Source records:

= Beginning of Section =

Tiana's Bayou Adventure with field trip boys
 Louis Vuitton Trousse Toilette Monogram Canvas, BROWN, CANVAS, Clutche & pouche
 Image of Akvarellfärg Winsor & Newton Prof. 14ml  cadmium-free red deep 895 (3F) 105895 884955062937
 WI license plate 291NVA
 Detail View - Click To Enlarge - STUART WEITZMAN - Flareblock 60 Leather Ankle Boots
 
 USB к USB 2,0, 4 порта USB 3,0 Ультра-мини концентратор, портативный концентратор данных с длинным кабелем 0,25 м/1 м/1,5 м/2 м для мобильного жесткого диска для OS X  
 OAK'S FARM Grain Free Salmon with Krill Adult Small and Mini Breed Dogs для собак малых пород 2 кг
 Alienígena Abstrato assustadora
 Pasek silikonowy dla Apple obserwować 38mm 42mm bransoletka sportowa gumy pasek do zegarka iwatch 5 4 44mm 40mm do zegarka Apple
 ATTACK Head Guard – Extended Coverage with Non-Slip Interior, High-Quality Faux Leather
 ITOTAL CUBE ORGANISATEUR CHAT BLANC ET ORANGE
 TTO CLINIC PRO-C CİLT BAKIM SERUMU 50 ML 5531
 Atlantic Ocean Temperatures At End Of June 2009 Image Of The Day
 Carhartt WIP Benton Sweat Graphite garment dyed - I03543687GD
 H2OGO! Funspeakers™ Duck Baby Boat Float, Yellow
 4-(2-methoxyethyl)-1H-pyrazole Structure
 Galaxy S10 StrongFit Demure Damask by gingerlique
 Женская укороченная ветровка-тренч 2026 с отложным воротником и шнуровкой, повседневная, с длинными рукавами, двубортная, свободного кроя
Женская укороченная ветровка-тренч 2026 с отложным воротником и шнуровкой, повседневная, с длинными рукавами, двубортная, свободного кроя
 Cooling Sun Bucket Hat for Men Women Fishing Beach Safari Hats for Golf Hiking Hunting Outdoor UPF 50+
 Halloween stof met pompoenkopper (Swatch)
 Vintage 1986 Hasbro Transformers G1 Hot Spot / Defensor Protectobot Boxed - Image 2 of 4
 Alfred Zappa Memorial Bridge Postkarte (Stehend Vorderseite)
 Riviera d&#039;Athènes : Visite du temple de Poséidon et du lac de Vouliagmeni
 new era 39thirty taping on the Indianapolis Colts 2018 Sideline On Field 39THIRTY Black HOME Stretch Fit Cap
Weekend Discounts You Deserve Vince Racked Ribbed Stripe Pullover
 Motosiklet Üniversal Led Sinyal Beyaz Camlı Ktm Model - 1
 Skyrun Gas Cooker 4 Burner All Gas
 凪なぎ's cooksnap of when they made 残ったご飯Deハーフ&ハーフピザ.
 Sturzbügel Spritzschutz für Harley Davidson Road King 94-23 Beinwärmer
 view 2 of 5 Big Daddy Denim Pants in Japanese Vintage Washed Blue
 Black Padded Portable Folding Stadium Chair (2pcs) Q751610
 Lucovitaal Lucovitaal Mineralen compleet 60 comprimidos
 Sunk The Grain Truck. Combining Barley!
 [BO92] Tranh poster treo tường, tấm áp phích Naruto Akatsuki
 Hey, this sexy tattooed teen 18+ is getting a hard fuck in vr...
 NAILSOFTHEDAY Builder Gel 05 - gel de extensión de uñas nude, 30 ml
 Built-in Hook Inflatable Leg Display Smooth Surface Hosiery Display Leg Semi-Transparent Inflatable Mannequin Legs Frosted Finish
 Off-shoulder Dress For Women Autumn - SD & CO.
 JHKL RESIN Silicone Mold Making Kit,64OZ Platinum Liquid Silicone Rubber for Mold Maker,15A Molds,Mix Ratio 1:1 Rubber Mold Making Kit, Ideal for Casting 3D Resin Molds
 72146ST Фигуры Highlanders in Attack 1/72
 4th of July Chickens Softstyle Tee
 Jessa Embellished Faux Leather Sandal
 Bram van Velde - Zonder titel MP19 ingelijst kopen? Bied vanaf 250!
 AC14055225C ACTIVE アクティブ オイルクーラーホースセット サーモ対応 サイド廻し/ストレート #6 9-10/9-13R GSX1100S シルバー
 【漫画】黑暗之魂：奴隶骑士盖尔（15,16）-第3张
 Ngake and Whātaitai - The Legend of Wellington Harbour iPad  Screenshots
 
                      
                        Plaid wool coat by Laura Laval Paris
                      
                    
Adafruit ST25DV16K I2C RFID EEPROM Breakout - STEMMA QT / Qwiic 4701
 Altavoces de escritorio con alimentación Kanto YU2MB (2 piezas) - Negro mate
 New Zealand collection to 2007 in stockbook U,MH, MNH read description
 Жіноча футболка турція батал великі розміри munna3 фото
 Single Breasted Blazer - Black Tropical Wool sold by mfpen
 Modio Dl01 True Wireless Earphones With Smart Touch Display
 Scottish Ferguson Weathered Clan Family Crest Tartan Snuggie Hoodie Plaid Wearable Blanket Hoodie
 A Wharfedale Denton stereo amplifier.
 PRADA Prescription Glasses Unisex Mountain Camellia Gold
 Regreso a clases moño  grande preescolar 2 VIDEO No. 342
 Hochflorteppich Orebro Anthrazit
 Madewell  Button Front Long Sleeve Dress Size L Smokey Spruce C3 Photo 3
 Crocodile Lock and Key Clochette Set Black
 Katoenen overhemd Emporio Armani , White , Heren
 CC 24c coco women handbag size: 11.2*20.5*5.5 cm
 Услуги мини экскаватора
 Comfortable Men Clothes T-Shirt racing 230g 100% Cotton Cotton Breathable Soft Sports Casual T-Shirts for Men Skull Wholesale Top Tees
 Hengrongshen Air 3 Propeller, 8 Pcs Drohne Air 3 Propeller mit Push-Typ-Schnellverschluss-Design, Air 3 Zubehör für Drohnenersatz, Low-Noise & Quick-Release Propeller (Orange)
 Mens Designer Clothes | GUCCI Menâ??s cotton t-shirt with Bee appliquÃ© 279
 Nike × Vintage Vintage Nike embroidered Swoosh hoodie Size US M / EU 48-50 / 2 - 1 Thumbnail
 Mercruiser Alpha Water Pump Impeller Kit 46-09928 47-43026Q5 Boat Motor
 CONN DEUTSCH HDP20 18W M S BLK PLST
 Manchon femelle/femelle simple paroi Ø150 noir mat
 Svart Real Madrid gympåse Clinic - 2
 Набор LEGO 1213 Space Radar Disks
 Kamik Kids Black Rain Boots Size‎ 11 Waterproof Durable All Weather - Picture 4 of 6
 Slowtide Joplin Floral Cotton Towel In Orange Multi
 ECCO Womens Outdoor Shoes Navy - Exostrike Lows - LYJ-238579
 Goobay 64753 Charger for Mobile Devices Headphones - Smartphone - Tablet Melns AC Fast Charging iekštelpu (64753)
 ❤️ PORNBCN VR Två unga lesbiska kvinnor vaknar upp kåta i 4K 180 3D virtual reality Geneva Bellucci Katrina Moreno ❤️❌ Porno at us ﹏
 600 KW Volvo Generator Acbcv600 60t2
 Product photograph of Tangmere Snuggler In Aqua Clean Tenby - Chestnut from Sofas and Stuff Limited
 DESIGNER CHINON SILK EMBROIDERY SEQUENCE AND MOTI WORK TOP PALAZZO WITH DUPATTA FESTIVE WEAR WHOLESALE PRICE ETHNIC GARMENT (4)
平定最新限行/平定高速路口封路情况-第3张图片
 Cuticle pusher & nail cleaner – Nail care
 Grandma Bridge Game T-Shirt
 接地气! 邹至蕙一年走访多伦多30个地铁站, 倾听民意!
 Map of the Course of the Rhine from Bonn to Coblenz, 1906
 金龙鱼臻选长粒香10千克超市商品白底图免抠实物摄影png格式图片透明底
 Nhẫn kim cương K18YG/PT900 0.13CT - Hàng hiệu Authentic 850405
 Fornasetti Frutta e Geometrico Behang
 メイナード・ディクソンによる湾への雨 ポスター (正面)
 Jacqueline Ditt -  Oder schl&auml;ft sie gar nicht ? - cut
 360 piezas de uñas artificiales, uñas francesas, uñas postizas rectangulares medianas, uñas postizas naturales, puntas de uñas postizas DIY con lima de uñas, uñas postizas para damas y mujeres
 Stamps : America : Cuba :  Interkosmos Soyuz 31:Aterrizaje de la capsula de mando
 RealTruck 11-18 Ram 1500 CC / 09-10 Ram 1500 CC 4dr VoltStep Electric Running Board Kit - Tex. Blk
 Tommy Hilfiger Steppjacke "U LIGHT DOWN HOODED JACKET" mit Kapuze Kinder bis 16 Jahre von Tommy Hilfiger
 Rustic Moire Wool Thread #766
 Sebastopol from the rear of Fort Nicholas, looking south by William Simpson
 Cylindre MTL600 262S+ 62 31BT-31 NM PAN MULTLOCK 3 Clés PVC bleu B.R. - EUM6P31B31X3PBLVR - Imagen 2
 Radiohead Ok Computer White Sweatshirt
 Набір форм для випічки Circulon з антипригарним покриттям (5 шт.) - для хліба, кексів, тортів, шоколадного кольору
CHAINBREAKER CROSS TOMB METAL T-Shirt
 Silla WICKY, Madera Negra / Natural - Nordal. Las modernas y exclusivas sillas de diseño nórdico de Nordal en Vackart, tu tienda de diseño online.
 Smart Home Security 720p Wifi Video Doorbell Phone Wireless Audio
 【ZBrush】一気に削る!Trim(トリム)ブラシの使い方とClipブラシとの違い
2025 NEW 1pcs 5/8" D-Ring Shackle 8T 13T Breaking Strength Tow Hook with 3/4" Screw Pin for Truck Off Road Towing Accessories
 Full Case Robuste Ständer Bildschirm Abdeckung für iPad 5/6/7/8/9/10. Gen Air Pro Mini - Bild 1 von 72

= End of Section =

## [Problem to solve]
Copy the lines above exactly. Start with the line containing "Lucovitaal Lucovitaal Mineralen", end with the line containing "Built-in Hook Inflatable", and include both.

## [Answer space]
 Lucovitaal Lucovitaal Mineralen compleet 60 comprimidos
 Sunk The Grain Truck. Combining Barley!
 [BO92] Tranh poster treo tường, tấm áp phích Naruto Akatsuki
 Hey, this sexy tattooed teen 18+ is getting a hard fuck in vr...
 NAILSOFTHEDAY Builder Gel 05 - gel de extensión de uñas nude, 30 ml
 Built-in Hook Inflatable Leg Display Smooth Surface Hosiery Display Leg Semi-Transparent Inflatable Mannequin Legs Frosted Finish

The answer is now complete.